This mill was situated on the hillside of the Castleshaw valley, just above Johnny Mill, in the area known as Wood. The lily covered millpond is today protectively fenced of, and the only remaining evidence of what was once the site of one of the smallest purpose built mills in the area.
Documentary evidence is sparse, but the Manchester Mercury of October ninth 1804 advertises the sale by auction of the leasehold estate of James Mills, a bankrupt, which included Moorcroft Fulling Mill, “in the occupation of John Ogden, as tenant, from year to year”.

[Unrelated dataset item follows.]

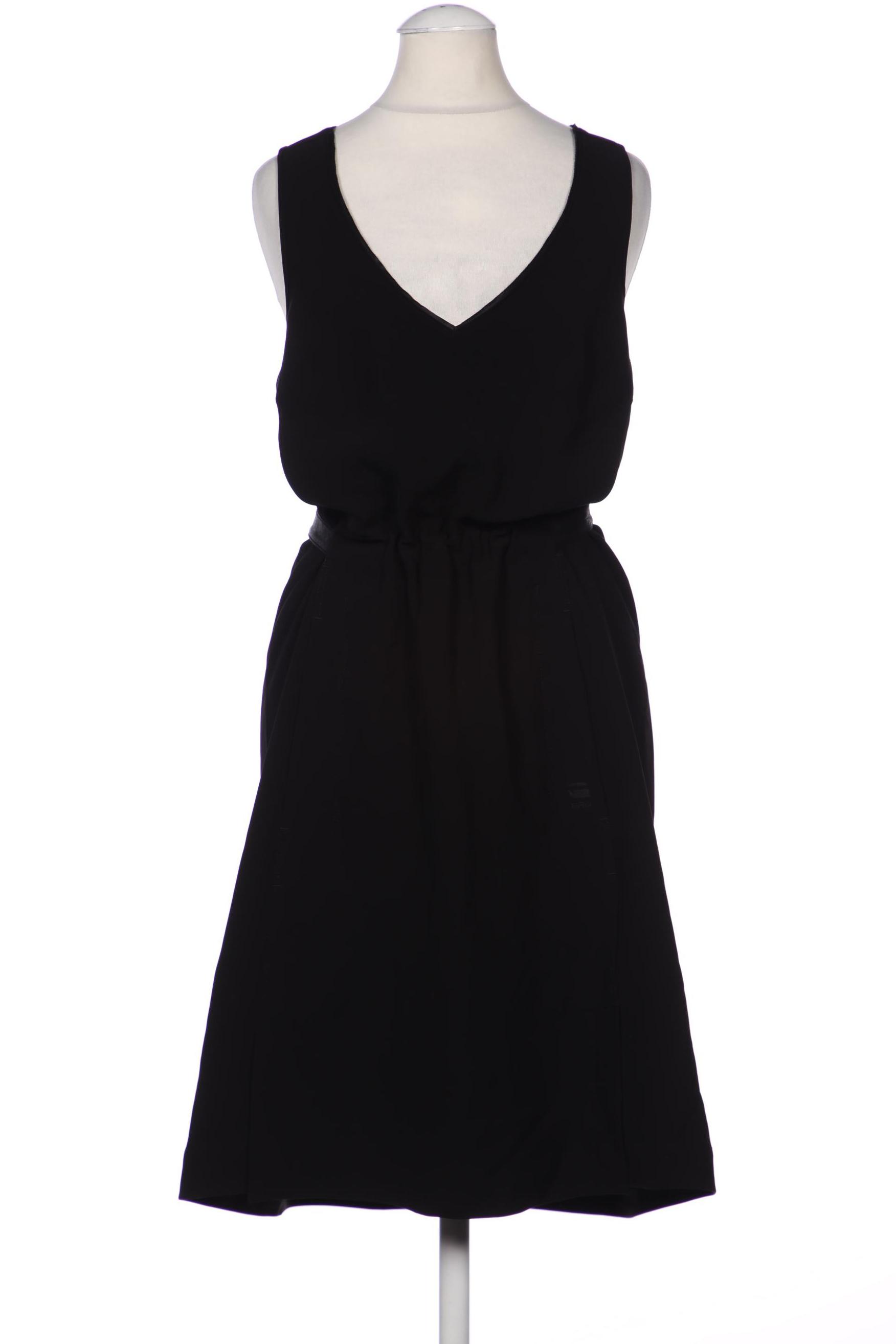 

G STAR RAW Damen Kleid, schwarz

The next mention of the mill is in a Deed dated August1808, by which Robert Whitehead the younger, of Saddleworth (the eldest child of Henry and Mary Whitehead, deceased) released Moorcroft Wood Estate to various members of the Milns family, of Butterworth in Rochdale including “the mill used for carding sheep’s wool, situated in the close called Pantail at Moorcroft Wood, in the occupation of Joseph Scholefield”.
The estate and mill were in turn released by the Milns to James Wrigley of Delph in 1813. The mill is shown on the 1820 map as Moorcroft wood Mill, and Wrigley refers to it in 1822 as Little Cote Mill.
In 1826 Edmund Wrigley of Knowle, released to Benjamin Wrigley of Ridge, “messuages at Moorcroft Wood, in the tenure of Samuel Mills, and a mill for carding wool, in a close called Pantail, late in the occupation of Joseph Scholefield and now of Edmund and Benjamin Wrigley.
It would appear that the mill was shared between Samuel Wrigley of Knowle, a merchant, and Benjamin Wrigley of Castleshaw, and Benjamin Wrigley of Knowle in the late 1820s. The latter emigrated to Philadelphia U.S.A. and sold his interest to John Gudgeon, an innkeeper of Crompton.
By 1891 the mill had gone.
According to the 1835 Church Rates book Edmund Wrigley was the owner and occupier of Moorcroft Wood Mill. Benjamin Wrigley appears to be the owner in 1845, with John Schofield as occupier. There are many definite
references to the mill in several Directories between 1838-52.
All that is now left of Moorcroft Wood Mill is the millpond, elevated on the hillside above the site of Johnny Mill.